Records excerpted from a collection
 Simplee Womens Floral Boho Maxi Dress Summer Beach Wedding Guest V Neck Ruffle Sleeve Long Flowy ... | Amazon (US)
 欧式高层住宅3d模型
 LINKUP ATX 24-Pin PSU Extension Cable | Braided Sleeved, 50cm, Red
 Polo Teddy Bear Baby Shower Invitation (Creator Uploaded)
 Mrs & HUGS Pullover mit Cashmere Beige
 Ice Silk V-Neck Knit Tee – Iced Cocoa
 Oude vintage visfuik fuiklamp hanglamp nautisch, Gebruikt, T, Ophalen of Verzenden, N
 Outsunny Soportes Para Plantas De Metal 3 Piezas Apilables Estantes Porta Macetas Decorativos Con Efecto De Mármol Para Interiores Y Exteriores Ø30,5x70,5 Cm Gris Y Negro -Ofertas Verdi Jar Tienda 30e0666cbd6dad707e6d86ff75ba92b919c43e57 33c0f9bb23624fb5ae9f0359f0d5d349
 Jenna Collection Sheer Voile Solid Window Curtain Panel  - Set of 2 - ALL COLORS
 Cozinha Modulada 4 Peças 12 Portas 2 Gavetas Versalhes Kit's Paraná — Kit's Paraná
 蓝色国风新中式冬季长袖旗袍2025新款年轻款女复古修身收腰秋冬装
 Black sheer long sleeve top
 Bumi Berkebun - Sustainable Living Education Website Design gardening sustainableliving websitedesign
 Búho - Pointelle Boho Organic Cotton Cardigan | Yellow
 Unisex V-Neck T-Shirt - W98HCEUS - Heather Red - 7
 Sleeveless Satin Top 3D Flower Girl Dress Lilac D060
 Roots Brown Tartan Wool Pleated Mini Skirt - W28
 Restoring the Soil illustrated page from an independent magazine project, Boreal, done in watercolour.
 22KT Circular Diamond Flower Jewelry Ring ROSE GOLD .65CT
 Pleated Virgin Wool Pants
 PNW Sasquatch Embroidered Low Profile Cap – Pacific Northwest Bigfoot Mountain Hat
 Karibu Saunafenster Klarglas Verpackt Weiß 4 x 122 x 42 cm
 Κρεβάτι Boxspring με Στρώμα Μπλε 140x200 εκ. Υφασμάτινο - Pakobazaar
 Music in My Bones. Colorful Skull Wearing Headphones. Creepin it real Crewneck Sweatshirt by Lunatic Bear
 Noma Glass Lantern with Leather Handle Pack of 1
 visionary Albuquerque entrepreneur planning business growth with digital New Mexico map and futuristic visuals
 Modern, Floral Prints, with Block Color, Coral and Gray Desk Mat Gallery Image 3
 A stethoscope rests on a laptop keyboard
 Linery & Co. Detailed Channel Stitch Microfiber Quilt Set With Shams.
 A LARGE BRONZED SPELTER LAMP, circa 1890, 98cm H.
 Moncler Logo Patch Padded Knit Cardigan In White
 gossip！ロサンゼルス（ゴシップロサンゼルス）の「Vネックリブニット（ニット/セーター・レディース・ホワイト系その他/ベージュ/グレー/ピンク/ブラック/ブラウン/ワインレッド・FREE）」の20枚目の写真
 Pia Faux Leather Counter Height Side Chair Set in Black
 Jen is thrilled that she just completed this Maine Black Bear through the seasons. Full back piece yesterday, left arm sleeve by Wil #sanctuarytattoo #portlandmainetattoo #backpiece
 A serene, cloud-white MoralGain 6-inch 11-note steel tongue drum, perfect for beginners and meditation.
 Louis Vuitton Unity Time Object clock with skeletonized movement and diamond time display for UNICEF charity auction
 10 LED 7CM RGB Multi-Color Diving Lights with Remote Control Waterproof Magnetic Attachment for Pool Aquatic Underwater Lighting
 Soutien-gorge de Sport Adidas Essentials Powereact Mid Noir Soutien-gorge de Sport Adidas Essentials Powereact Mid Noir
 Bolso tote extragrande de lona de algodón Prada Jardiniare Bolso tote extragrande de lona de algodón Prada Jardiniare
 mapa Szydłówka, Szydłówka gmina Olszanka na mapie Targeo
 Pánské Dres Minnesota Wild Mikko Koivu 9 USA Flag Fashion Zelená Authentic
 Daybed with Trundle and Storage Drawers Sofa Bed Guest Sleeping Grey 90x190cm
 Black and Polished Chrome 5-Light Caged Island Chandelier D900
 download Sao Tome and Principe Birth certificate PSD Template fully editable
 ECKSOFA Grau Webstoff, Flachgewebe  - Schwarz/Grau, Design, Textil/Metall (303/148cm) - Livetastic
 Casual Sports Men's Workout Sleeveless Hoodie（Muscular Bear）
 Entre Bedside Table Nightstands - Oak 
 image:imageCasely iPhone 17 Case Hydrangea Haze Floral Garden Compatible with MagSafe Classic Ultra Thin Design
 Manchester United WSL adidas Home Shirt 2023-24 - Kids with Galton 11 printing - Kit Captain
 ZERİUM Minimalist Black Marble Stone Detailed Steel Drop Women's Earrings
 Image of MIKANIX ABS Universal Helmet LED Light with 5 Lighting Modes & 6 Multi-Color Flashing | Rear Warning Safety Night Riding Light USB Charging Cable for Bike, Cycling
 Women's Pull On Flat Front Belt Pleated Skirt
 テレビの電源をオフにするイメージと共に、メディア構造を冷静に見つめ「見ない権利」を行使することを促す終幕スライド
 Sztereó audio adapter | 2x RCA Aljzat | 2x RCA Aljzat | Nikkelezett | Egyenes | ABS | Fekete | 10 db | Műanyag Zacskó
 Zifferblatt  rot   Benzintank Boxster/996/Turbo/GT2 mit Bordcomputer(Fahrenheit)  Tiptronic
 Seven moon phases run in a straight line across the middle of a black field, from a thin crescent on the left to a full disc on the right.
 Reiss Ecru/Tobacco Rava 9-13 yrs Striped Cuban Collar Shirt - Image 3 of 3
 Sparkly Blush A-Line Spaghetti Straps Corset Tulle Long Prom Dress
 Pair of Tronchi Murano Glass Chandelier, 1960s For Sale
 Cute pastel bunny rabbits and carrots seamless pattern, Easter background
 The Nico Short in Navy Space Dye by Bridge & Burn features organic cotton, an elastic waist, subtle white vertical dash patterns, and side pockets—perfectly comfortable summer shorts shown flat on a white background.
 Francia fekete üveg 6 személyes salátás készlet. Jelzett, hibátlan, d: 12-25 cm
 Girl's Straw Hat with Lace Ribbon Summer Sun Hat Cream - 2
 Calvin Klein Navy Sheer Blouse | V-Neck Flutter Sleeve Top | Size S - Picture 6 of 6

Task to complete
The answer should consist of the lines from the one with "Sztereó audio adapter" through the last line of the entries, duplicated exactly and nothing more.

Solution for this problem
 Sztereó audio adapter | 2x RCA Aljzat | 2x RCA Aljzat | Nikkelezett | Egyenes | ABS | Fekete | 10 db | Műanyag Zacskó
 Zifferblatt  rot   Benzintank Boxster/996/Turbo/GT2 mit Bordcomputer(Fahrenheit)  Tiptronic
 Seven moon phases run in a straight line across the middle of a black field, from a thin crescent on the left to a full disc on the right.
 Reiss Ecru/Tobacco Rava 9-13 yrs Striped Cuban Collar Shirt - Image 3 of 3
 Sparkly Blush A-Line Spaghetti Straps Corset Tulle Long Prom Dress
 Pair of Tronchi Murano Glass Chandelier, 1960s For Sale
 Cute pastel bunny rabbits and carrots seamless pattern, Easter background
 The Nico Short in Navy Space Dye by Bridge & Burn features organic cotton, an elastic waist, subtle white vertical dash patterns, and side pockets—perfectly comfortable summer shorts shown flat on a white background.
 Francia fekete üveg 6 személyes salátás készlet. Jelzett, hibátlan, d: 12-25 cm
 Girl's Straw Hat with Lace Ribbon Summer Sun Hat Cream - 2
 Calvin Klein Navy Sheer Blouse | V-Neck Flutter Sleeve Top | Size S - Picture 6 of 6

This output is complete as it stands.